Multitasking or moonlighting refers to those proteins presenting two or more functions performed by a single polypeptide chain. They were initially reported by Wistow and Piatigorsky in the late 1980s when lens crystallins turned out to be the previously known metabolic enzymes (1,2). The term ‘moonlighting’ was coined by Constance Jeffery (3), whereas Joran Piatigorsky proposed ‘gene sharing’ (4). Multitasking proteins present alternative functions that are mostly related to cellular localization, cell type, oligomeric state, concentration of cellular ligands, substrates, cofactors, products or post-translational modifications (3–12). In many cases, a protein uses a combination of these mechanisms to switch between functions. Although some findings suggest involvement of a protein in extra functions, i.e. multitasking proteins can be found in different cellular localizations or in amounts exceeding those required for their canonical function; usually multitasking proteins are experimentally revealed by serendipity. Therefore, any alternative method to identify these proteins would be valuable. In previous works, we have explored the possibility of identifying multitasking proteins using bioinformatics approaches (13) and protein interactomics database information (14). Some authors have suggested that there is a relationship between protein conformational fluctuations and promiscuous functions of proteins, whereas some structurally disordered regions involved in their interaction with different partners are crucial (15,16). Nevertheless, although there are examples of multitasking proteins belonging to the Intrinsically Disordered Protein Class (i.e. p53), in a recent work we found that multitasking proteins are not more prone to belong to the Intrinsically Disordered Proteins (IDP) class than the average (17).

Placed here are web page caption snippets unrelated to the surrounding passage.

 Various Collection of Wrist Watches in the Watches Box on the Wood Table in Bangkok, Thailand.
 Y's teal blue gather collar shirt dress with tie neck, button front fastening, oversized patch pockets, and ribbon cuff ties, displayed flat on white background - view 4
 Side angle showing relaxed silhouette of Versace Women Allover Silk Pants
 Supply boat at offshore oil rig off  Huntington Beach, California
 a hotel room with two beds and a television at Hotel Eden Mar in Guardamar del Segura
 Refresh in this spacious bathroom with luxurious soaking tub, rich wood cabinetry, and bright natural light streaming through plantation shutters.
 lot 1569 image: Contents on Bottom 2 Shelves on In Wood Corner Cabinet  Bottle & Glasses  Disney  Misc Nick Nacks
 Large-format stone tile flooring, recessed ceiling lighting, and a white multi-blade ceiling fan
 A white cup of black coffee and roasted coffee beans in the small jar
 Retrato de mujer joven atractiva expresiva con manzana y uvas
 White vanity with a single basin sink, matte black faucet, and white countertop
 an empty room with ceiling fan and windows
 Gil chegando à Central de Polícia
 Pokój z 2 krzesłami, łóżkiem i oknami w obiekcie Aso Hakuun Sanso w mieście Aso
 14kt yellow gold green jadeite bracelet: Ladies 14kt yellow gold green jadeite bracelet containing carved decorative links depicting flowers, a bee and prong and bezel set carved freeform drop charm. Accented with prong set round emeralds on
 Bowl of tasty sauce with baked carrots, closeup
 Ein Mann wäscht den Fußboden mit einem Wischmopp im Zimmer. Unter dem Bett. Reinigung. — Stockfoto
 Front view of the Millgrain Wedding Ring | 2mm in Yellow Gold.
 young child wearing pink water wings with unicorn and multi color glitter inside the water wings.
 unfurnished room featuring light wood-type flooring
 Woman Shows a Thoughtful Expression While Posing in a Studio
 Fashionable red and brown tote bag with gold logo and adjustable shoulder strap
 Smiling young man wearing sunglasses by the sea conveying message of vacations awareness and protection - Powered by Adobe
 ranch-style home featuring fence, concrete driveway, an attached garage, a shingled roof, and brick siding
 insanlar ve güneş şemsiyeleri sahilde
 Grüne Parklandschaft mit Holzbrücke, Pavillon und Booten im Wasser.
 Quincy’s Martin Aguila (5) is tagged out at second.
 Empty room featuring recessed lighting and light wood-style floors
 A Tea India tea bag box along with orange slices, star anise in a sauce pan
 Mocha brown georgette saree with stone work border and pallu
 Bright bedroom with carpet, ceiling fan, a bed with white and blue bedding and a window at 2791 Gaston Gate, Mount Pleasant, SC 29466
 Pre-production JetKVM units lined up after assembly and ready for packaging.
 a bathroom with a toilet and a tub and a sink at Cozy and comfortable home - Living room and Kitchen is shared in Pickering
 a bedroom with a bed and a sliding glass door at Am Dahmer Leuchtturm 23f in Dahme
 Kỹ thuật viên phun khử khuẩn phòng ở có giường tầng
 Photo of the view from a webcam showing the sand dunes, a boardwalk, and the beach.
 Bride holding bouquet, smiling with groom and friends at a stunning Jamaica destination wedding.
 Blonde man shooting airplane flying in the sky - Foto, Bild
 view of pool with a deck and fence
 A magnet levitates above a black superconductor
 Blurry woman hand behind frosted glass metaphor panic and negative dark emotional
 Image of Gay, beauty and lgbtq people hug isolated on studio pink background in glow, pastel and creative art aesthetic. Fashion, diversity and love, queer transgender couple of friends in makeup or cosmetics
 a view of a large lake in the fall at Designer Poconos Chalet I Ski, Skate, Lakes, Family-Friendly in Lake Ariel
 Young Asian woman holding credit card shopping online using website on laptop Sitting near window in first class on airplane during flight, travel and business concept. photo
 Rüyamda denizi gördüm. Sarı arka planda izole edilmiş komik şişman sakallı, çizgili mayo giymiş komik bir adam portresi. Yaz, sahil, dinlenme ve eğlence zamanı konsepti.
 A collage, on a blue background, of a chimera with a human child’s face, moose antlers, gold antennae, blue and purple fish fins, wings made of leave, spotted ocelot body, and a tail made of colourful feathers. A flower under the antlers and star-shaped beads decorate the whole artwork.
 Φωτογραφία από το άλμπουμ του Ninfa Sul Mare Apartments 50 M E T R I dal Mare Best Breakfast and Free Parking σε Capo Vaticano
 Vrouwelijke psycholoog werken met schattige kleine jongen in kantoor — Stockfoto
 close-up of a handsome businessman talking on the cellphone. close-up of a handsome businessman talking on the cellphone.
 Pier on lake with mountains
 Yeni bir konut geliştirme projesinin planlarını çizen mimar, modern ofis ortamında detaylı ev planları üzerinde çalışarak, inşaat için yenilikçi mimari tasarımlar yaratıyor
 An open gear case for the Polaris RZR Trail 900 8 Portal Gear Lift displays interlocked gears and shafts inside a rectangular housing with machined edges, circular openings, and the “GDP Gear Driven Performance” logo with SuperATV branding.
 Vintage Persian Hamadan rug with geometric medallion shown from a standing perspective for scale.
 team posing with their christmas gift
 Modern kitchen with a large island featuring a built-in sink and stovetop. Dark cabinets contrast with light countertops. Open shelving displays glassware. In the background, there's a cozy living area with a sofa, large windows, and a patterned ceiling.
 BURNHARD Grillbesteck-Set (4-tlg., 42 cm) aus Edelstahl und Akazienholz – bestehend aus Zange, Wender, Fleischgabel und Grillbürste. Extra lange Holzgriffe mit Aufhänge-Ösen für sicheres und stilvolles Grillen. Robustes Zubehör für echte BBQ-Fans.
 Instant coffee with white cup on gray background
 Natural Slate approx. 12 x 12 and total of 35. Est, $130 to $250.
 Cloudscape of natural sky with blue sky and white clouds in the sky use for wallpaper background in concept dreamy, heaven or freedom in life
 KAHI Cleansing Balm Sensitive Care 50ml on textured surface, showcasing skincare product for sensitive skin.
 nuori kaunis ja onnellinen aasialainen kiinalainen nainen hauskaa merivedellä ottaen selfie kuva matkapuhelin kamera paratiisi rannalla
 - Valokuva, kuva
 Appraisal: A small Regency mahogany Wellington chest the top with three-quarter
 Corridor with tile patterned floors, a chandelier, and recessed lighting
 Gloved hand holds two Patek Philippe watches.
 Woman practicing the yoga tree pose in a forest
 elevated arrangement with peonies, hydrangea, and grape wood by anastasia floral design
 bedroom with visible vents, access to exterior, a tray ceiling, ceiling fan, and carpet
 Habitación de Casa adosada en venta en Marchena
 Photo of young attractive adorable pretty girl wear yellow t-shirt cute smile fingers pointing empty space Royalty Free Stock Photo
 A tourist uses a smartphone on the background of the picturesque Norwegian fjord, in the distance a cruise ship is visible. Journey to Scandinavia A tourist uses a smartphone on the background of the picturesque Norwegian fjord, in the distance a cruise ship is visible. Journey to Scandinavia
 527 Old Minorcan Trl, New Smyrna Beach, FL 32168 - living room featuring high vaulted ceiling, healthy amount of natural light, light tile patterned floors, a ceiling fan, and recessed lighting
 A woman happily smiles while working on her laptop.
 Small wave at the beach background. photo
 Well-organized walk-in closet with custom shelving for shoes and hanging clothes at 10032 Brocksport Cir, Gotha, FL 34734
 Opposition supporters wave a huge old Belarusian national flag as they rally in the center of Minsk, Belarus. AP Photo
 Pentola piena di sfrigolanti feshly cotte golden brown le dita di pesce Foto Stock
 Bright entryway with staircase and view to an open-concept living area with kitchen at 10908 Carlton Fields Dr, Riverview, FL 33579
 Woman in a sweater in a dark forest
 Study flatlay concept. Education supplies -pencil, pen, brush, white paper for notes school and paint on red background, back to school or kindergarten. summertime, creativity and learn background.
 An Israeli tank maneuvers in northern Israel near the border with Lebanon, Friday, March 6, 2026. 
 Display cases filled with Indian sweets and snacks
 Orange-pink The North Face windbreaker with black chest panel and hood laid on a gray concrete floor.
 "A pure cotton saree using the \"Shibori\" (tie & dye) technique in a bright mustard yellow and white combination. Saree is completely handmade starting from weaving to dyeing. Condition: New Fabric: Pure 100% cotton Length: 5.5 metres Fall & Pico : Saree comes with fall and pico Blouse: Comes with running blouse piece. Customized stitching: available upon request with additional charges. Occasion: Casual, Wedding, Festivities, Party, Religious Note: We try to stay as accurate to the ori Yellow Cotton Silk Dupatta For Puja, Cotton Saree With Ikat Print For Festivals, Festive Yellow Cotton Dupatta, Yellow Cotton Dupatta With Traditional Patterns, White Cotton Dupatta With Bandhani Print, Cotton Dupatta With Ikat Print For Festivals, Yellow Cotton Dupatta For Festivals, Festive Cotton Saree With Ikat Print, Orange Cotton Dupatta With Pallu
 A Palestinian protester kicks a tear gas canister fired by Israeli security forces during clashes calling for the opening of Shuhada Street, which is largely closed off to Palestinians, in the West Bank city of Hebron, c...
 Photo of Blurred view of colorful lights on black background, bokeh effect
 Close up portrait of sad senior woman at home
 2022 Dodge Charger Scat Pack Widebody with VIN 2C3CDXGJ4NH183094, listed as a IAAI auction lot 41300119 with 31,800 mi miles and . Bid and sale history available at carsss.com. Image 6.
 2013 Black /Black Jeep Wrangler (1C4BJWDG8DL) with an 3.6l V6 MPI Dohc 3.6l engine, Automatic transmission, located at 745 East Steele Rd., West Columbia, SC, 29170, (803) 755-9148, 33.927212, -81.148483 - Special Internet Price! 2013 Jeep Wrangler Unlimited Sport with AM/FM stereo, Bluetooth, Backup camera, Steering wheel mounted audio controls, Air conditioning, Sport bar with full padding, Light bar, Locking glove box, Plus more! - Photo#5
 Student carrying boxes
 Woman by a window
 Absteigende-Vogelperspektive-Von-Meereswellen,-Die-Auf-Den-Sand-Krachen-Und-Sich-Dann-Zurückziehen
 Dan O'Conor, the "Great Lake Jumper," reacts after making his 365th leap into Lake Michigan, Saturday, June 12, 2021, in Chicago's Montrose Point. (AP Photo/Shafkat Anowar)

During the development of our previous work aimed at trying to find bioinformatics approaches to predict multitasking proteins, we encountered the difficulty of collecting examples of such proteins because of the lack of a broad database, so the effort to gather the examples was often one of the main challenges. To facilitate the work to researchers interested in the field, we decided to make our set of multitasking proteins freely available as a web database. To our knowledge, a database of multitasking proteins has not yet been compiled. On an extensive data mining, we have found ∼288 proteins elsewhere reported as multitasking proteins, with which we have made a database, named MultitaskProtDB, and designed the corresponding web interface http://wallace.uab.es/multitask/. The database contains information and direct links to all these proteins as well as their accession numbers, species to which they belong, canonical and additional biological functions, PDB codes, if available and the corresponding publications (18–20). Even though the different functions have been called in our database ‘canonical’ and moonlighting, this does not involve any biological relevance and merely reflects the historical order of their biological function discovered. The question of which was the first function and which one was lately acquired could be established by evolutionary comparative analysis and our database may help to perform these studies. Probably there are examples of multitasking cases hidden in the literature in which the authors have not recognized this phenomenon or have not bothered to assign their proteins.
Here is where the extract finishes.